Milner writes, “Borrowings from Shakespeare or Lucian or More can be important and interesting, but they are borrowings from outside the selective tradition of SF, nonetheless.” This is because SF “is a ‘type,’ that is a radical distribution, redistribution and innovation of interest within the novel and short story genres. … [T]hese innovations of interest were focused above all on the practical capacity of sciences to become technologies and that they first occurred only in the early nineteenth century.” (153)
This is one of the many points at which Milner contradicts himself. He has already established a constructionist definition of SF. By his own definition, the fact that Suvin and Roberts have claimed The Tempest, A True Story, and Utopia to be part of the SF tradition, they gain some small amount of SF-ness. If Milner had set out a binary or a multivalent definition, his argument would hold some weight, but it is defeated by his own desire to be inclusive of elements of the genre which he feels have been unfairly dismissed.
Milner’s definition qualifies Suvin’s and Roberts’s proposals as “transforming the cultural identity of the SF community.” His arguments against them hold no weight under the parameters of his own methodology.

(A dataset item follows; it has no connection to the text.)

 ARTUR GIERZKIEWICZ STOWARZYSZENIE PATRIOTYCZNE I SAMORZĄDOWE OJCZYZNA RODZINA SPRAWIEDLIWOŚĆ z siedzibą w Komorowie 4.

In the end, I would call my experience with Locating Science Fiction more perplexing than anything else.
On the one hand, I find myself awash in some extraordinary insights. I will almost certainly come back to it for its segments on Zamyatin, Huxley, and Orwell, and its exploration of Pierre Bourdieu’s theory of the cultural field, which are among its best portions, and it contains a myriad of minor insights.
However, I cannot help but quote what I find the be the work’s most glaring self-contradiction. “… I certainly do not mean to suggest the kind of relativism that became de rigeur during high postmodernism, only that what Eagleton says of literature in general is also true of SF in particular: ‘There is no such thing as a literary work or tradition which is valuable in itself … “Value” is a transitive term: it means whatever is valued by certain people in specific situations.’” (179) It may not be the relativism of high postmodernism (which, I admit, I am ill-equipped to assess), but Milner proposes relativism enough to seriously undermine any potential coherency of what he means by the term ‘SF.’
As mentioned previously, I’ll be collecting up reviews of Istvan Csicsery-Ronay Jr.’s Seven Beauties of Science Fiction and doing an analysis of those.
Broderick, Damien. 1995. Reading by Starlight: Postmodern Science Fiction. London: Routledge. Milner, Andrew. 2012. Locating Science Fiction. Liverpool University Press.